直到有一天,它再次露出红砖。我决定把石灰都刮掉了,整面墙变得红彤彤的。你对世界就像你对着这面墙,理想主义是石灰,蒙在现实的红砖上,让现实变得洁净白皙。只是理想主义开始随着年月一点点崩塌,然后你懒得再给它抹石灰修饰它。接着你看着这面墙,看久了也就习惯了,看久了,也觉得漂亮了。直到有一天你忘记了这面墙曾经的样子,也不再惦记着你对它曾经的修饰,我想这是一种悲哀,也可能是一种幸福。
生命像一只旋转的陀螺,想休息却不能停止。

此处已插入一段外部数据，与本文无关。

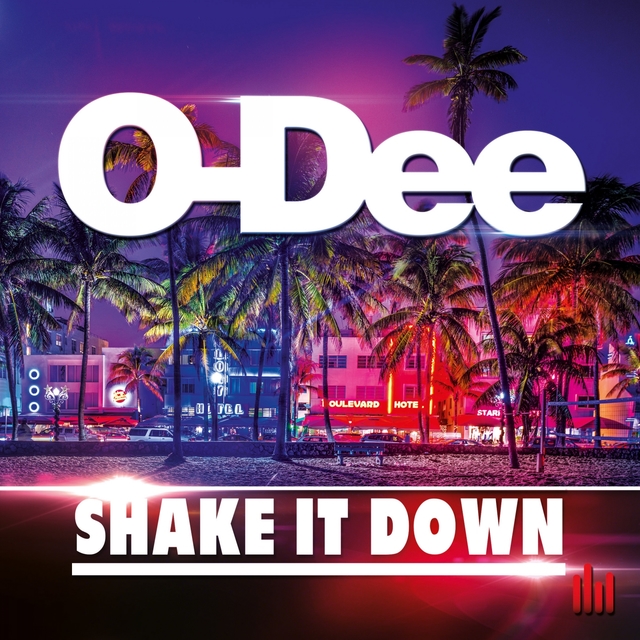 Couverture de Shake It Down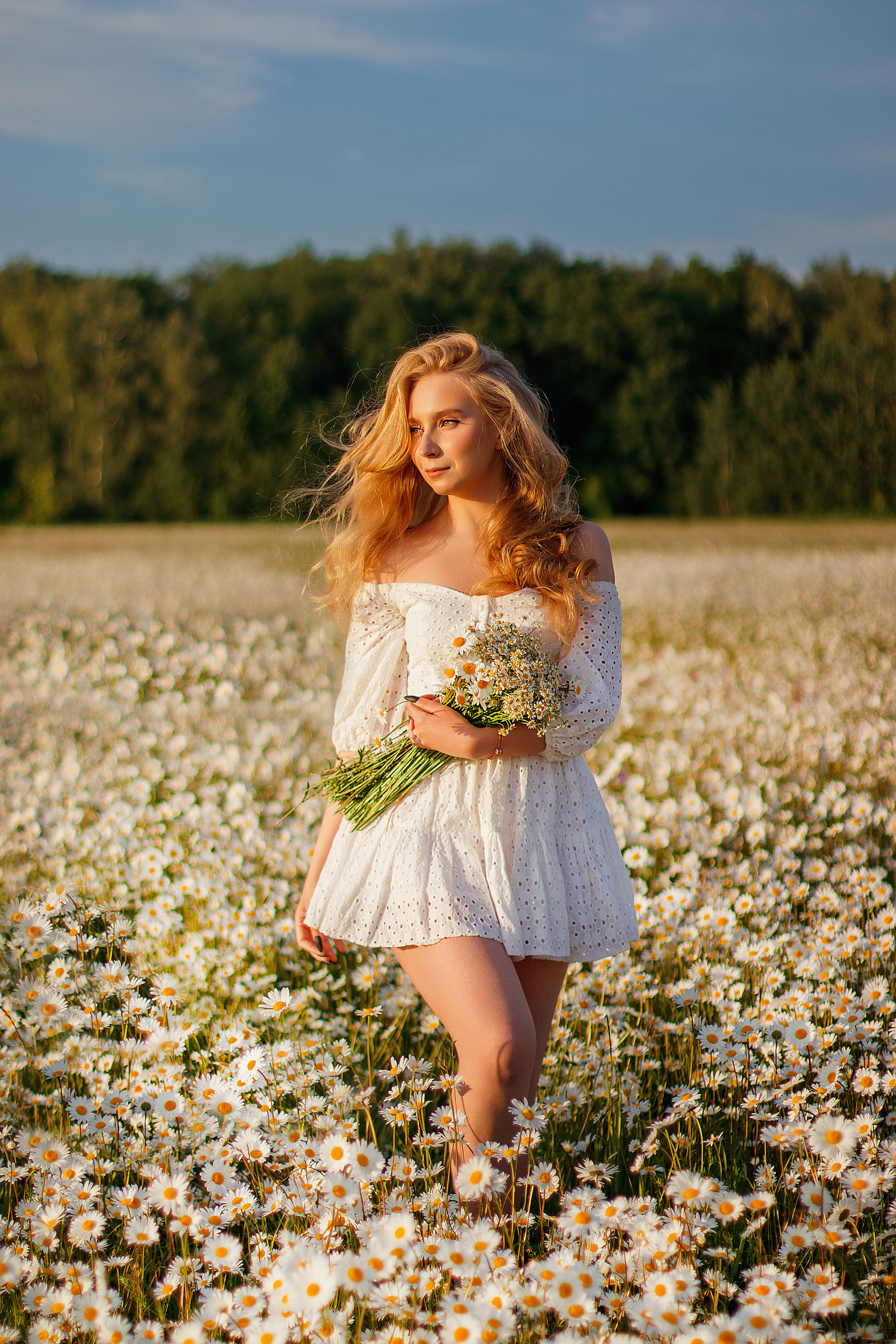 Ромашковое поле. Женский и семейный фотограф в Москве и Московской области Наталья Минт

浮生若梦,梦是一首《陀螺》,在“叮”的一声铃响后入梦:听见静静轻柔的吉他搭配悠扬的口琴,不时的鸟语,边忍不住随之起舞、旋转;可那低沉压抑的嗓音唱着哲思的诗句,阵阵的心痛,又定然无法不黯然神伤。于是便忧伤的旋转,于是又随叮的一响醒来,于是你明白了这就是生命。
生命无法任意地停止,被一支鞭子驱使着,陀螺般地旋转。很多人、很多事、很多风景、很多心情,都注定无法驻留,无法任性的重来。或经许久,陀螺咬住鞭子,奋力地、愤怒的纠缠,两败俱伤;或经许久,鞭子厌倦的抽打,陀螺肆意的游走、短暂的自由,自生自灭。而在得已或不得已的消逝前,陀螺只是在不停地旋转.
佛说:一切有为法,如梦、幻、泡、影,如露,亦如电,应做如是观。可生命却只是一只旋转的陀螺,无法随意停止。看透便看不透,看不透却也看透。